Atomic ops on android (2.2)

Louise Cypher

unread,

Oct 26, 2010, 2:39:43 PM10/26/10

to andro...@googlegroups.com

Hi

I'm writing some lockless stuff on android (target is Android 2.1 and up on modest arm (7 and up ?)

I see that __atomic_inc/dec, __atomic_cmpxchg, and __atomic_swap exist but i need 2 more atomics:

__atomic_and and __atomic_or -- are those exist on ARM architecture, if no is there some common way to

simulate them ?

BTW. what is performance of atomics compared to ordinal mutex based sync - they are just intrinsics or they map to something more complex under the hood ?

--
Code it black!

David Turner

unread,

Oct 26, 2010, 3:04:26 PM10/26/10

to andro...@googlegroups.com

On Tue, Oct 26, 2010 at 11:39 AM, Louise Cypher <szatan...@gmail.com> wrote:

Hi

I'm writing some lockless stuff on android (target is Android 2.1 and up on modest arm (7 and up ?)
I see that __atomic_inc/dec, __atomic_cmpxchg, and __atomic_swap exist but i need 2 more atomics:

These functions are internal to the C library, and you should not rely on them being here, or even work properly in future release of the platforms, or even current releases running on future hardware (see below).

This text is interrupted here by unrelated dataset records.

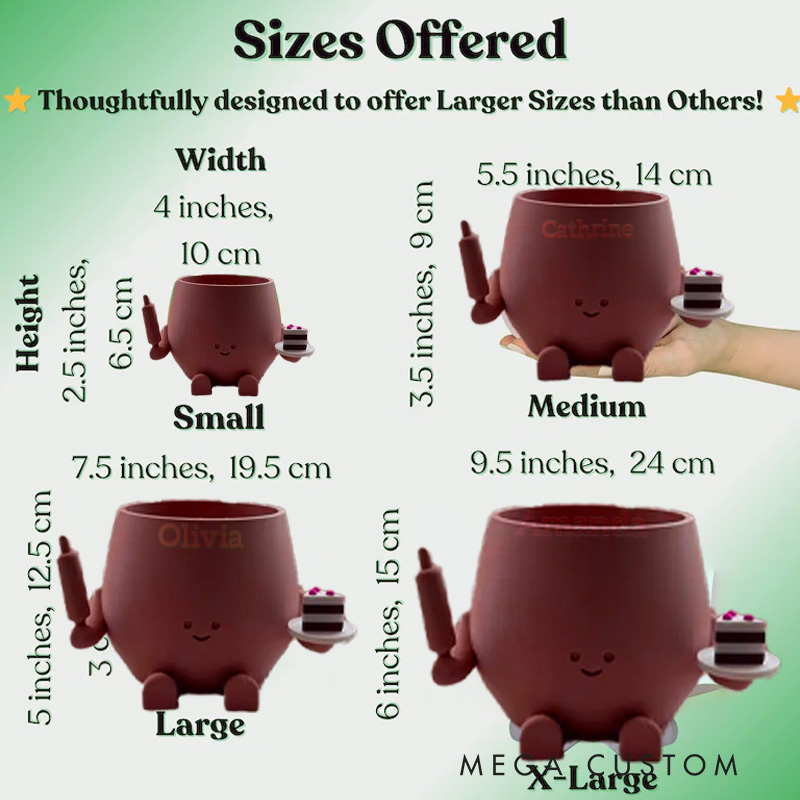 Personalized Baker Plant Pot Custom Happy Face Planter Pots with Name Indoor Plant Pot for Baker Christmas Gift for Baking Lovers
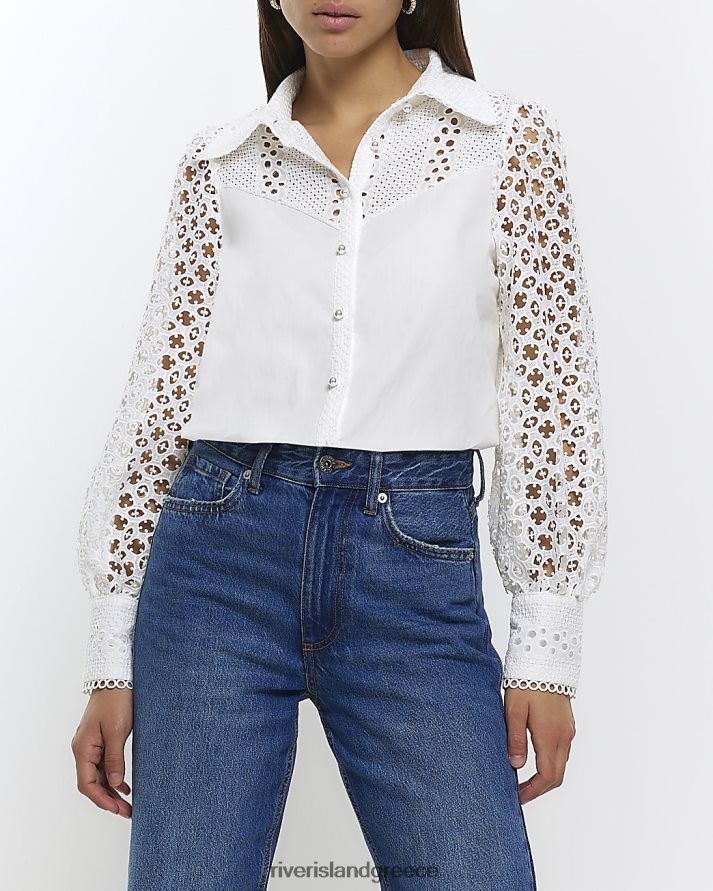 River Island ενδύματα άσπρο γυναίκες μακρυμάνικο πουκάμισο broderie B6N8X4513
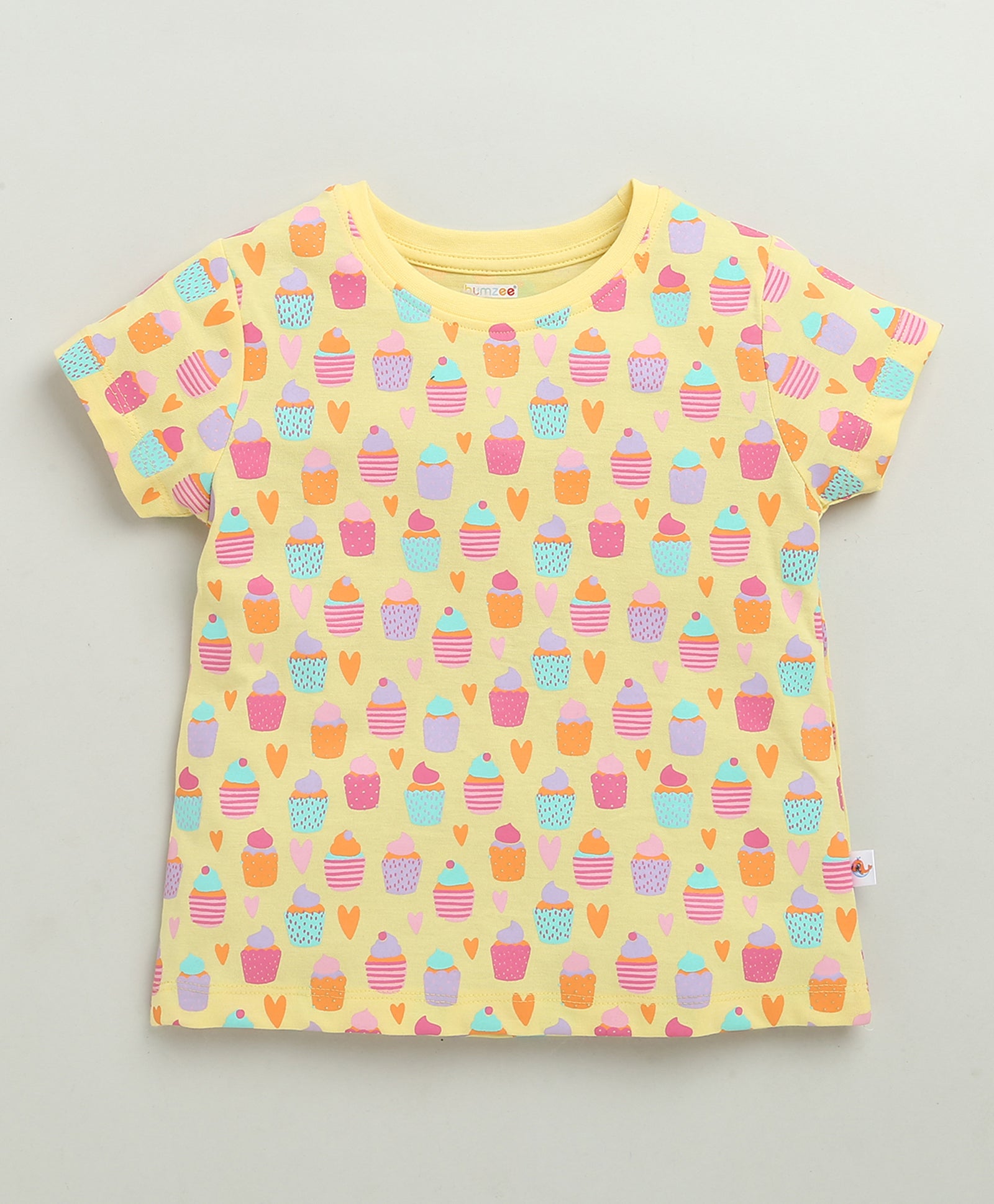 BUMZEE Yellow & Lavender Girls Half Sleeves T-Shirt & Short Set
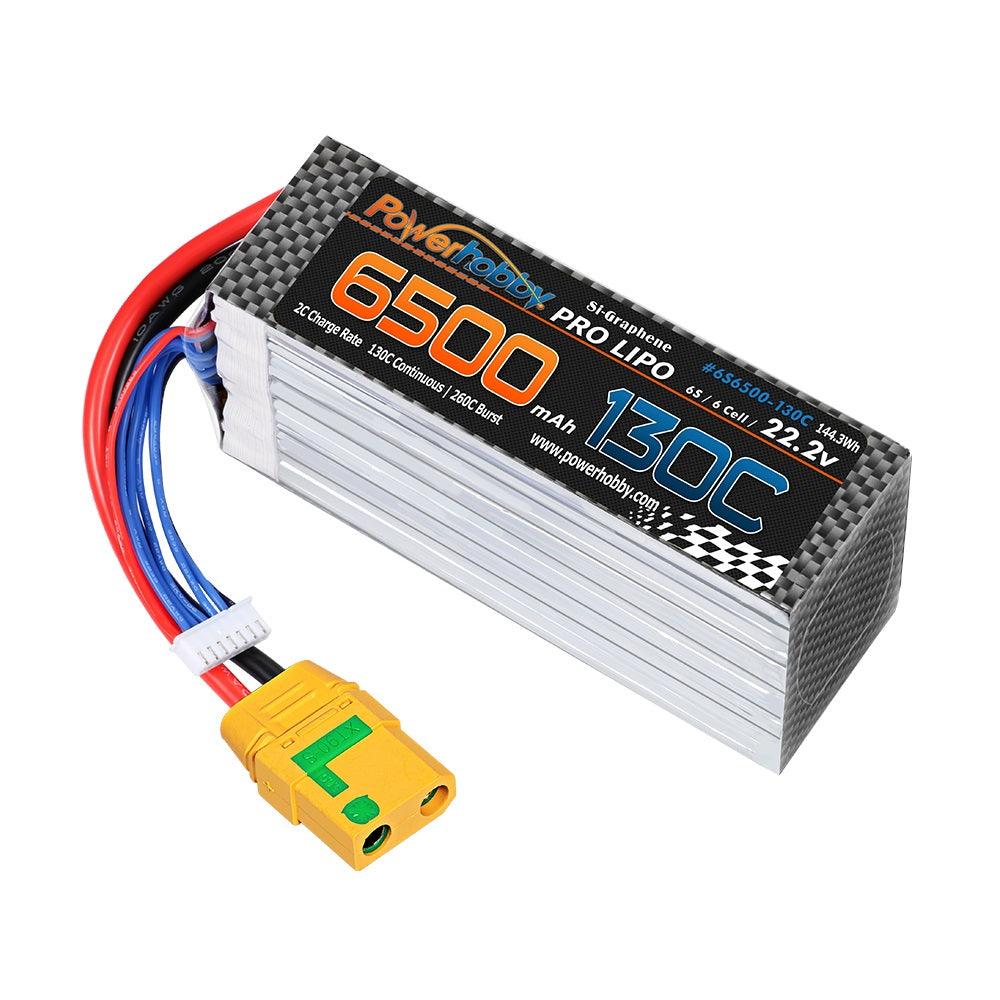 Powerhobby 6S 22.2V 6500mah 130C GRAPHENE Lipo Battery w XT90 Plug - PowerHobby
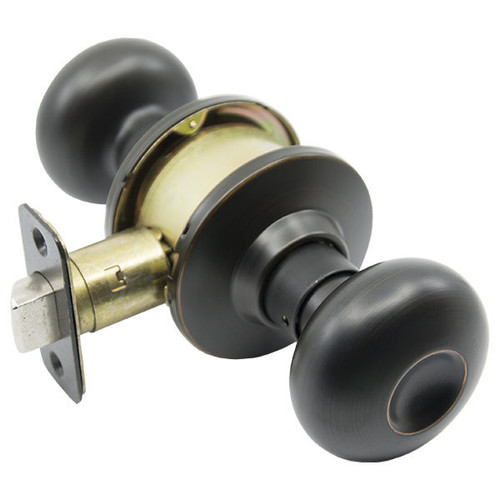 PLS K310P Grade 3 Plymouth Style Door Knob ADJ - PASSAGE - Aged Bronze 11P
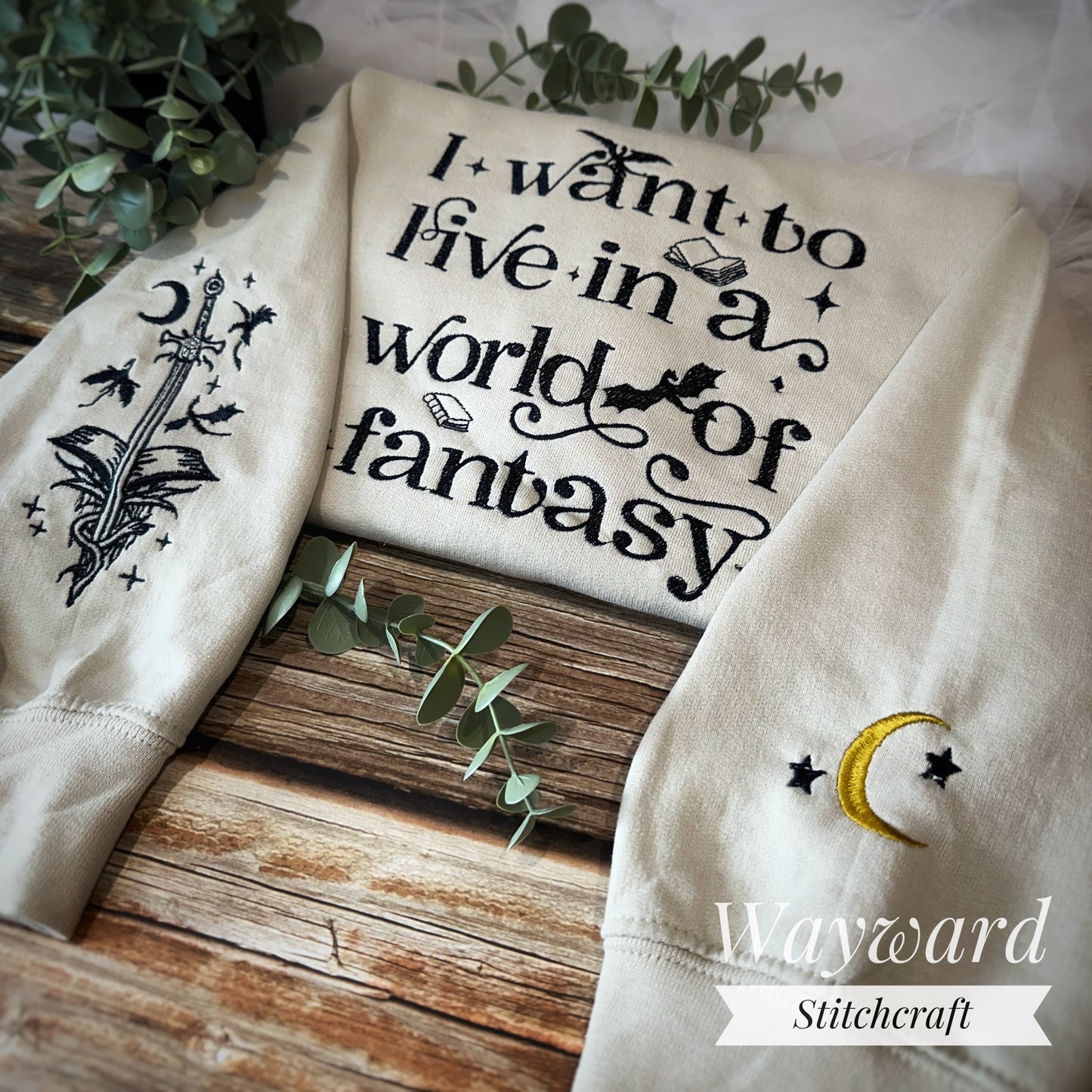 Bookish Fantasy Embroidered Sweatshirt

__atomic_and and __atomic_or -- are those exist on ARM architecture, if no is there some common way to

simulate them ?

I would sat just use __android_cmpxchg in a loop, that should be straightforward.

BTW. what is performance of atomics compared to ordinal mutex based sync - they are just intrinsics or they map to something more complex under the hood ?

It really depends on the CPU. Also with multi-core / SMP boards, you're going to need memory barrier instructions to ensure your program works correctly and these can be very costly.

THE FOLLOWING IS AN IMPORTANT MESSAGE FROM THE "I-TOLD-YOU-SO" DEPARTMENT:

DO NOT USE __atomic_xxx functions DIRECTLY IN YOUR APPLICATION MACHINE CODE.

Because your code will lack any memory barrier implementation, IT WILL NOT RUN CORRECTLY on upcoming future SMP devices (which I won't comment on).

If you absolutely require atomicity, protect the data with a mutex, or mutex+condvar instead using the provided pthread APIs.

--
Code it black!

--
You received this message because you are subscribed to the Google Groups "android-ndk" group.
To post to this group, send email to andro...@googlegroups.com.
To unsubscribe from this group, send email to android-ndk...@googlegroups.com.
For more options, visit this group at http://groups.google.com/group/android-ndk?hl=en.

Louise Cypher

unread,

Oct 26, 2010, 3:26:24 PM10/26/10

to andro...@googlegroups.com

So the __atomic_inc and __atomic_dec will broke on SMP ? :( damn

but wait a moment, digging deeper ... those future multicore arms have some syncing opcodes (like lwarx/stwcx/lwsync on ppc architecture) right ?, so just updating implementation should work ?

mutexes are 10 or more times slower than atomic inc/dec/swap on actual test devices (nexus (Snapdragon) and galaxy (Hummingbird))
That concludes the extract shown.